The times for West Coast home builders, though, are anything but bright. In California, which leads the nation in new housing production and which many economists look to as a barometer of the housing climate nationally, starts fell in 1991 to their lowest level in nine years. And although sales picked up early this year, they have fallen again of late.

”The last two years have been very difficult for home builders and their buyers,” said William Mazza, president of the California Building Industry Association.

”I believe the industry is in for another tough year. The promised economic recovery has not begun its march. It`s still on the parade ground,” he said.

National housing start numbers fell in April after two months of strong gains. The number of permits issued, a measure of future activity, also dropped. Those statistics underscore what Mazza called a ”fragile economic environment.”

One of the major concerns for home builders across the country, and in California in particular, has been the difficulty in securing financing for the acquisition and development of land, the first steps in producing new housing.

A credit crunch in real estate lending has dried up loans to many commercial real estate projects, and land acquisition and development loans are considered commercial.

More than one builder is reporting that building projects are on hold because of a lack of such loans.

”The situation is putting a damper on new project potential, especially in this volatile economy,” said Dennis Russell of Den-Ed Russell Inc. in El Cajon.
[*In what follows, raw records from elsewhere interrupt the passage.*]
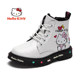 HelloKitty children's shoes girls leather boots spring and autumn new little girl short boots Martin boots princess warm boots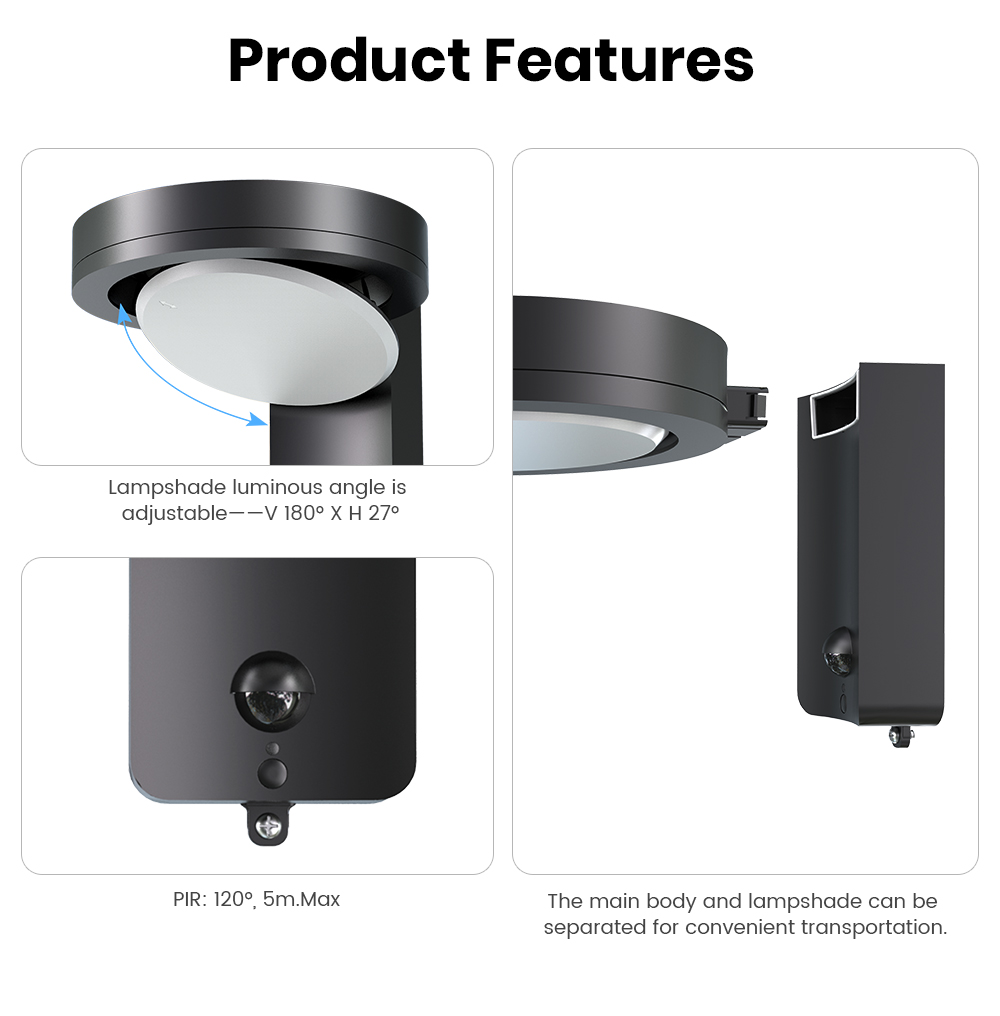 Lampade Solari da Esterno SRES - Outdoor Lighting For Fence recensione e prezzo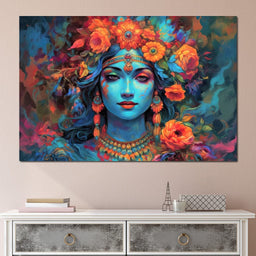 Lakshmi Floral Mural - NicheCanvas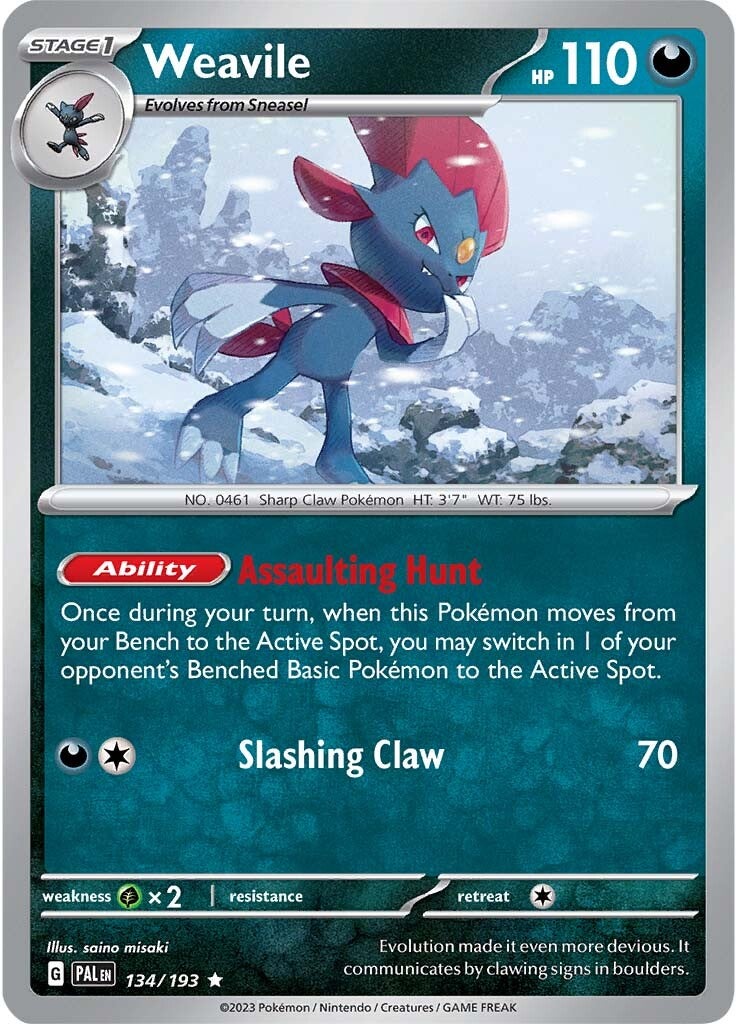 Weavile (134/193) [Scarlet & Violet: Paldea Evolved] | Pegasus Games WI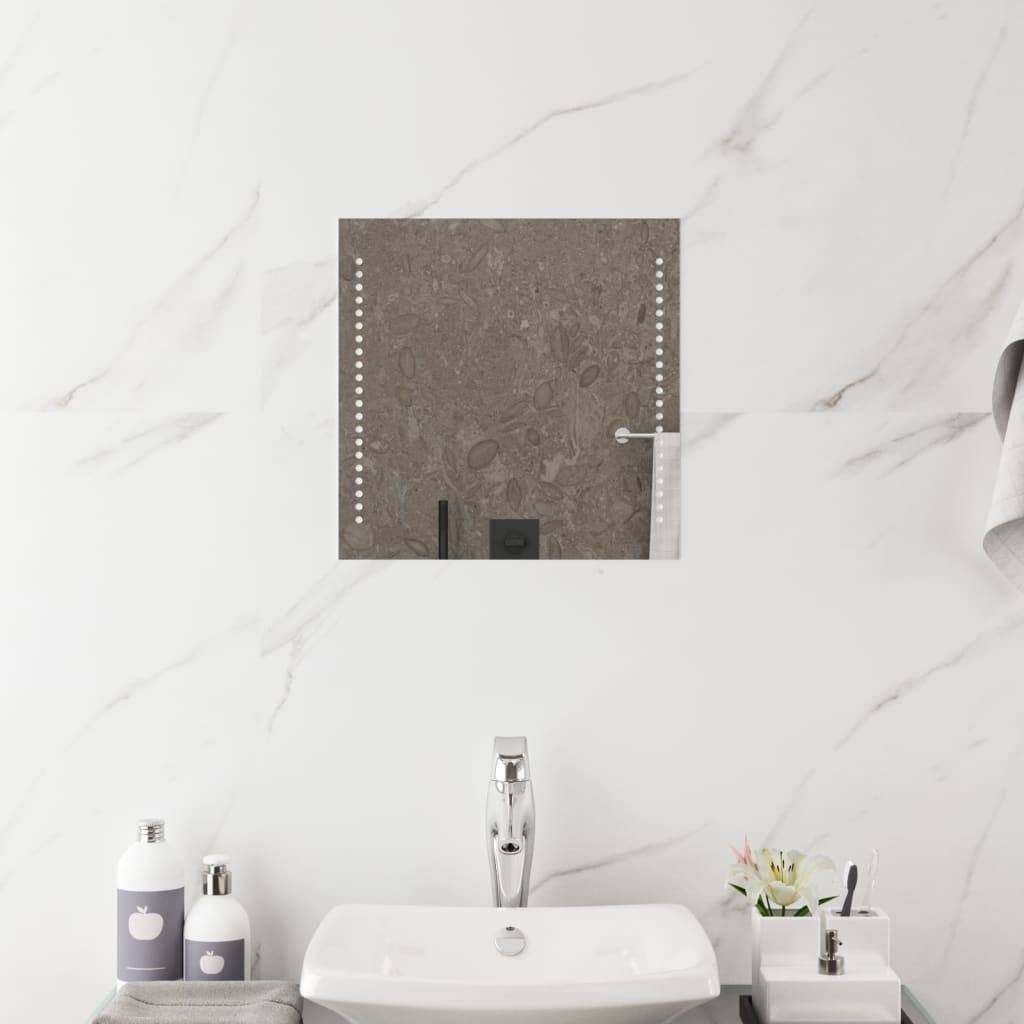 vidaXL LED-Badspiegel 40x40 cm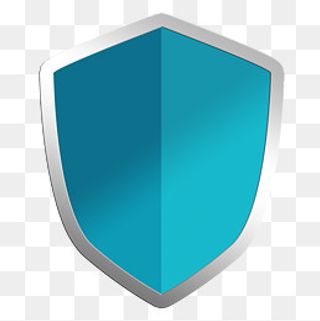 绿色渐变盾牌素材免抠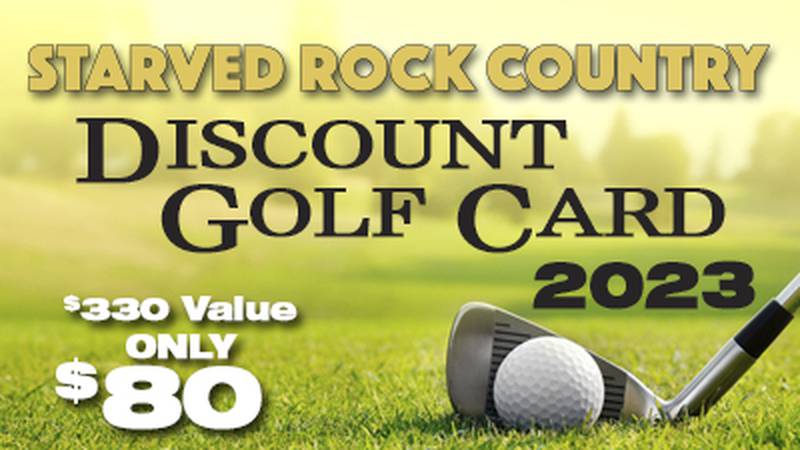 2023 Starved Rock Country Golf Card promo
Home builders have been seeking alternative sources of AD&C money, including taking their companies public and using stock sale proceeds to fund development.

One important avenue to providing a source of funding for such loans could be the pension fund community. Efforts to tap those investors have met with limited success, but hope is building.

The California Public Employees Retirement System, or CalPERS, has pledged $375 million in equity gap capital for the state`s beleaguered home builders.

”Banks are being ultraconservative, making it difficult for builders to develop projects,” the CBIA`s Mazza said. He called the CalPERS move ”sorely needed” and said he hoped it would spark additional pension fund interest in home construction investment.